Percentage of the requests served within a certain time (ms)
  50%    596
  66%    640
  75%    672
  80%    679
  90%    707
  95%    722
  98%    735
  99%    752
 100%    752 (longest request)

As you can see the total time there is roughly equal to the time of the longest request, remember that when async :

total_time = max(all_individual_times) + n*some_overhead

Where n is the number of requests, and some_overhead a constant overhead.

Hope that helps :)



回答2:

I had the same need, but i'm working with futures and gen.coroutine, so i had to modify it just a little to be compatible with my code, i'm putting it here if anyone else need it too:

#
# encoding: utf-8

from gevent import monkey
monkey.patch_all()

# Gevent imports
import gevent

# Python immports
import functools

# Tornado imports
import tornado.ioloop
import tornado.web
import tornado.gen
import tornado.httpserver

# Request imports
import requests
from tornado.concurrent import Future


# Asynchronous gevent decorator
def gfuture(func):
    @functools.wraps(func)
    def f(*args, **kwargs):
        loop = tornado.ioloop.IOLoop.current()
        future = Future()

        def call_method():
            try:
                result = func(*args, **kwargs)
                loop.add_callback(functools.partial(future.set_result, result))
            except Exception, e:
                loop.add_callback(functools.partial(future.set_exception, e))
        gevent.spawn(call_method)
        return future
    return f


# Constants
URL_TO_FETCH = 'http://google.com/'

# Global
I = 0


@gfuture
def gfetch(url, i):
    r = requests.get(url)
    return i


class MainHandler(tornado.web.RequestHandler):
    @tornado.web.asynchronous
    @tornado.gen.coroutine
    def get(self):
        global I
        I += 1
        n = I
        print "=> %s" % n
        n = yield gfetch(URL_TO_FETCH, n)
        print "<= %s" % n
        self.write("Done %s" % n)


# Our URL Mappings
handlers = [(r"/", MainHandler)]


def main():
    # Setup app and HTTP server
    application = tornado.web.Application(handlers)
    http_server = tornado.httpserver.HTTPServer(application)
    http_server.listen(9998)

    # Start ioloop
    tornado.ioloop.IOLoop.instance().start()

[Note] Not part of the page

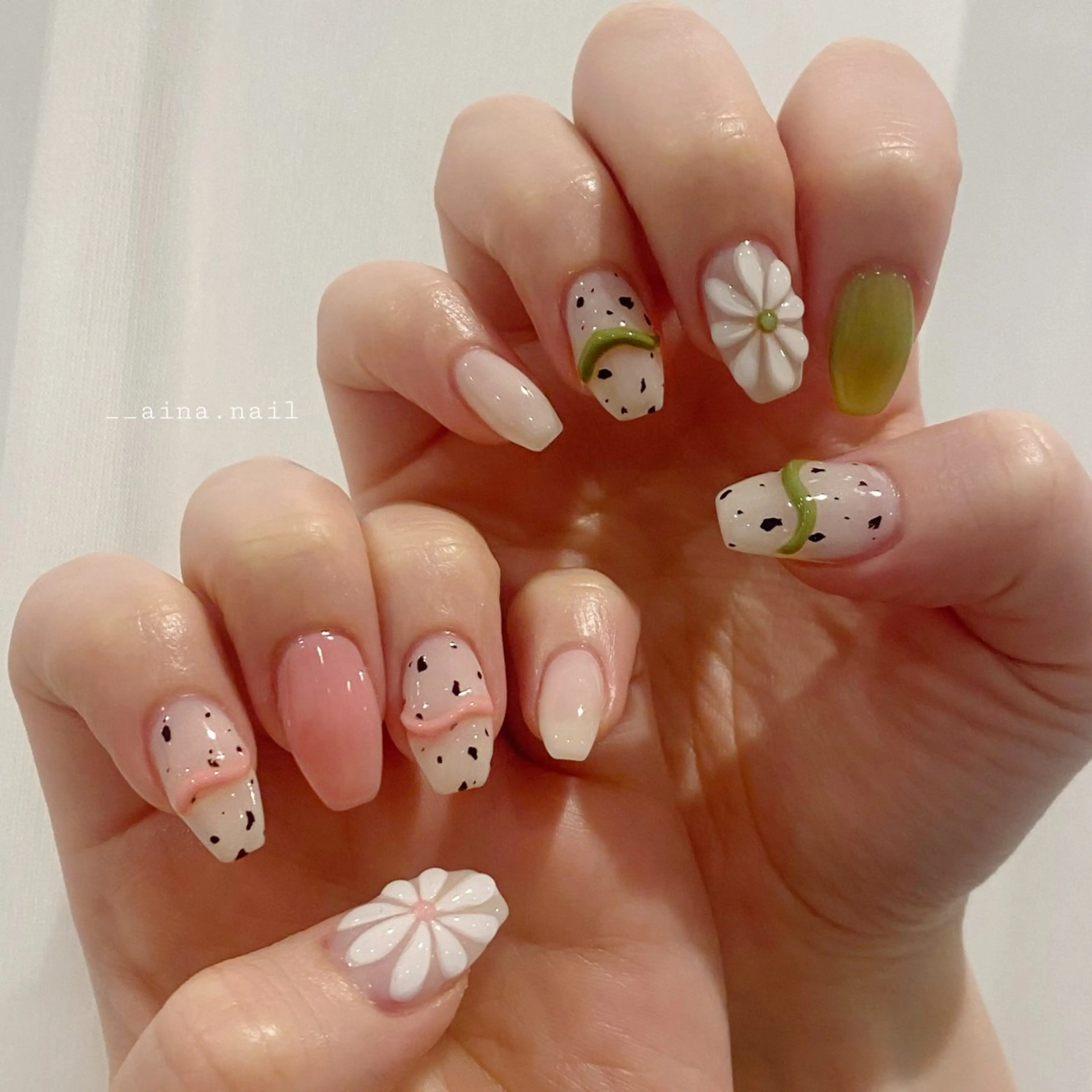 ネイル Nailist Ainaのネイルデザイン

if __name__ == "__main__":
    main()


回答3:

Try to test requests package only with gevent sample application to chceck if it is truly asynchronous. Maybe the reason is that gevent doesn't patch correctly everything required by requests

But I think that your solution is not asynchronous from gevent site: you are trying to run 2 event loops. I guess the process, you present, looks following:

  • Tornado IOLoop waits for event (for http server)
  • HTTP request is handled
  • Handlers run get method, which runs gevent event loop (gevent starts the event loop implicitly in a dedicated greenlet)
  • gevent's event loop blocks the Tornado greenlet (parent of the greenlet where gevent's event loop lives
  • request's greenlet waits for finish
  • request's greenlet is finished, gevent's event loop is closed, end Tornado IOLoop is released.

Look also at some success combination of Tornado and greenlets: tornalet, Motor.



回答4:

Tornado (Twisted) and gevent do the same things, and for best results you should stay within the same technology stacks and not mix the two. Either use a WSGI web framework with gevent like bottle or flask, or use twisted and tornado together.